At some time I will tell more about our parish of Aughavas and our little townland of Graigeog. I prefer “Graigeog” to the usual spelling “Gradoge”, by the way, because the latter would lead to one pronouncing it “grad-oge”; we always said “grad -joge”; it means “village” or “hamlet”. But leaving all that aside …
Anyway, why did we emigrate? Briefly: my uncle, John Francis Kenny, played a crucial role in this. (I may have a lot more to say about Father John in the future). After studying for the priesthood he went to the US in 1930, and was a priest in rural Missouri. He enlisted as a chaplain in the US army during the war (against his bishop’s wishes).
In 1945 he was with the American occupation forces in Germany, and somehow managed to get a pass from the Seventh Army commander, Gen. Alexander Patch, to visit his family in Ireland for Christmas. There were complications because Eire had been neutral during the war; which may be why I remember him as wearing a funny white checked suit (not a uniform), always in a hurry to see and talk to everybody—at full volume! So there were always crowds of people around. He chain-smoked his American cigarettes, tossing them away when only half-consumed; and youngsters would pick up the “fags” and keep them from going to waste.

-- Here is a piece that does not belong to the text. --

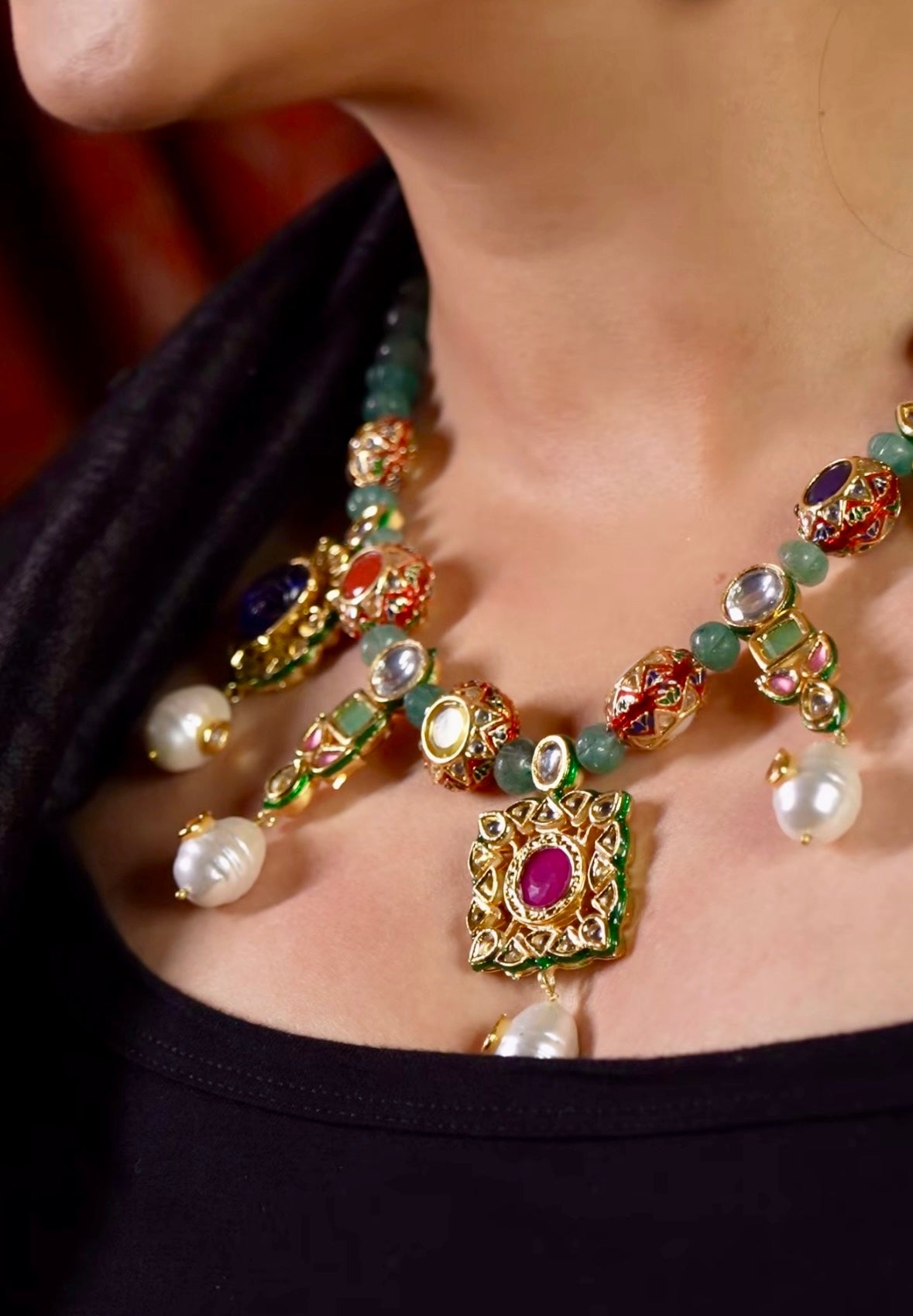 Antique Multi Color Stones Necklace Set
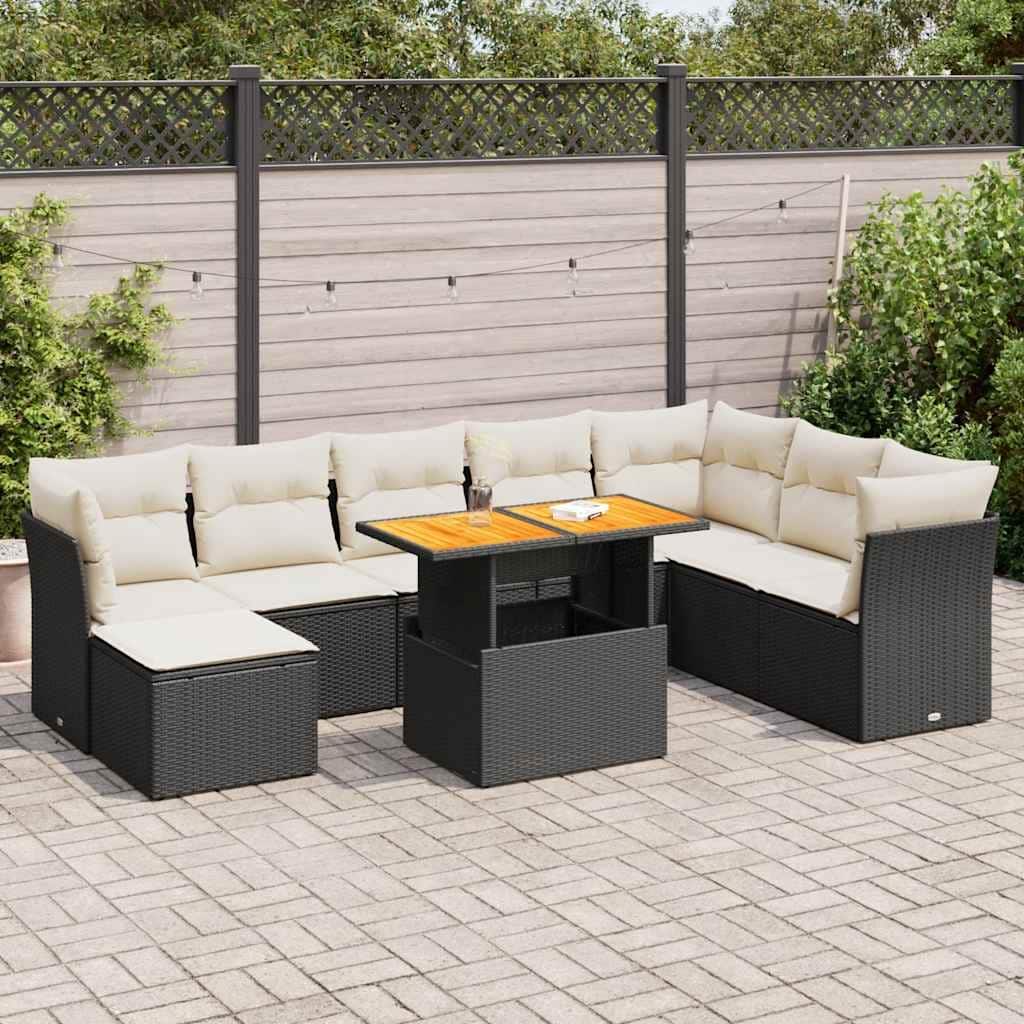 vidaXL Garden Sofa Set Black and Cream White - 21.7 x 39.4 x 28.7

I might mention that Fr. John made quite a sensation when he told the neighbors what it was like to liberate a German concentration camp—which certainly dampened some of the pro-German feeling which went along with continuing bitterness toward England. One item: my brother John remembered him telling our father how he and the other officers had to take over the job of burying dead, starved prisoners (I think this was at Dachau?) – because the enlisted men assigned to that duty went berserk and began shooting the captured guards. I guess it helped to unload this on his oldest brother; my dad could be a good and comforting listener.
But the other thing he talked to my dad about was the need to emigrate. Fr. John probably had the shock of many a returning Irishman in those days, of seeing anew how backward his native land really was. John F. Kenny could always be very persuasive when he was sure he was right! And from that followed our emigration from Ireland, though not until nearly three years later.
For a man of 48 with a 40-year-old wife, starting over in a new country with four young children must have been a daunting task—even with the strong support of his priestly brother, and some (I think reluctant) promises of support from a relative already in the US who was in a position to help. I wonder if my dad was familiar with the mournful old song of emigration:
A Stór Mo Chroí, in the stranger’s land
There is plenty of wealth and wailing.
Whilst gems adorn the great and the grand
There are faces with hunger paling.
But he and our mother made the fateful decision for us all. We departed, leaving the little farm to my uncle Peter Kenny. And it all worked out.